How To Make a Dish Drainer

Wooden draining boards were a common sight in kitchens in the early part of the 20th century, when kitchens were built in place by carpenters, instead of being “installed” in modular form as they are now. These draining boards were made by hand. The process is very similar to that used to make a cutting board or butcher block with the addition of shallow grooves to catch and guide the water in the desired direction. Solid wood boards wide enough to serve as a draining board will be hard to find and probably will be subject to excessive twisting, cupping or cracking over time. Best results will be obtained by laminating suitable hardwoods into boards of the required width and length. This is done in exactly the same way that cutting boards and butcher blocks. Suitable materials will be any durable, water resistant, hardwood boards cut from straight grained stock without knots. In most cases. it will probably be best to purchase pre-laminated boards. Maple butcher block is easily available and can be purchased by the foot in various useful widths. To encourage water to drain into an adjacent sink and not onto the floor the usual solution is to route a shallow channel around three sides of the board to catch run off and direct it towards the sink. To improve performance, the board will normally be set at an angle (about 15º) to improve drainage. The center of the board is often slotted with parallel grooves, also slopping towards the adjacent sink.

Using Plywood

Plywood should not be used as it is not suitable for a kitchen surface; even water resistant or ‘exterior’ grade plywood will perform badly. The only possible exception would be a plywood made from a water resistant hardwood with a similar ‘solid core’, which will probably be more expensive and less durable than an equivalent butcher block material.
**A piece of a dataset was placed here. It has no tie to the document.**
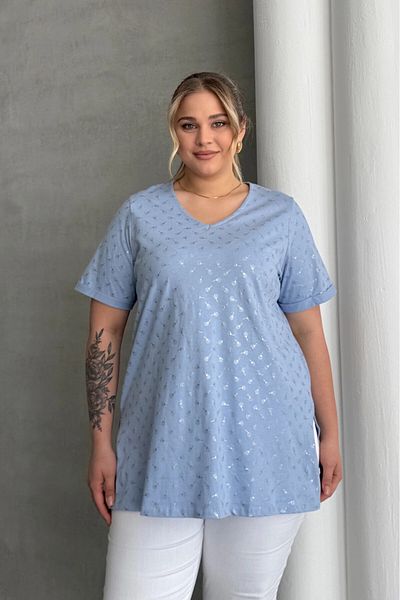 Stil Diva Tricou cu mânecă scurtă, cu decolteu în V, cu imprimeu metalic, cu fante laterale, mărime mare 97-46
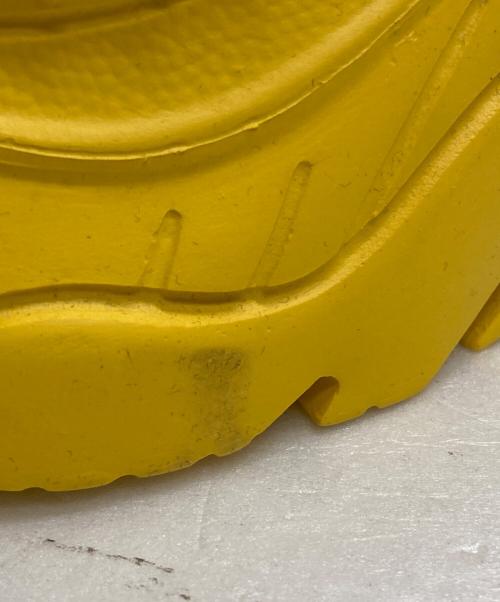 N°21（ヌメロヴェントゥーノ）N°21 (ヌメロヴェントゥーロ) ダットシューズ ホワイト サイズ:26.5cmの古着・服飾アイテム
dish drainer, kitchen, kitchen sink, countertop
Dish drainer in kitchen, Wonderlane


The best protection for such boards will be either a two-part epoxy varnish or the more traditional oil finishes, such as teak oil. Do not use a traditional or polyurethane varnish. Although they will give pleasing initial results, over time they will deteriorate without elegance. I would recommend regular light applications of teak oil. Important tip: Make sure to apply whatever finish or protection you choose, on all sides of the board, especially for the initial applications. Failure to do so will result in cupping and twisting of the board, as it dries or absorbs humidity unevenly over time.